The NICE has specifically recommended a triplet therapy comprised of Kyprolis (carfilzomib), lenalidomide and dexamethasone in order to treat previously treated patients with multiple myeloma.
On behalf of final guidance, National Institute for Health and Care Excellence backed the use of triplet combination Kyprolis, lenalidomide and dexamethasone for patients with MM, who have had at least a single previous therapy, including bortezomib (targeted therapy).
In the carried out clinical trials of the triplet, Kyprolis plus lenalidomide and dexamethasone has demonstrated extend periods of remission and help patients in order to live longer, in comparison to the current second-line therapy for multiple myeloma patients, lenalidomide and dexamethasone alone.
According to the National Institute for Health and Care Excellence, “The independent appraisal committee saw findings that reveal the advantages of the triple combination therapy demonstrated to carry on with for up to the 6-years.”

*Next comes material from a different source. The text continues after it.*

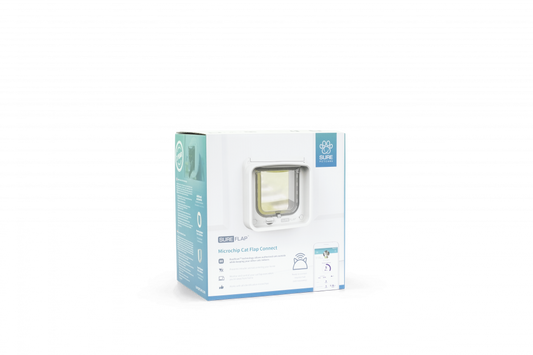 Sure Petcare SureFlap microchip kattenluik connect excl. Hub 1st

After its review, the committee stated the most-likely cost-effectiveness estimates for this triplet (Kyprolis, lenalidomide and dexamethasone) are within what National Institute for Health and Care Excellence considers a cost-effective use of the National Health Service resources.
According to a statement by Meindert Boysen, deputy chief executive and director of the Centre for Health Technology Assessment at NICE, “The recommendation of our committee will be welcomed by patients with MM who have told us of the requirement of a new second line treatment option that can offer longer periods of the remission as well as improves the survival.”
“The clinical findings demonstrate that the benefits of this triplet continue following the treatment has stopped. A positive decision has been made possible following the company and National Health Service England came to a commercial arrangement which enables the carfilzomib to be used on the National Health Service with a confidential discount,” Meindert Boysen added.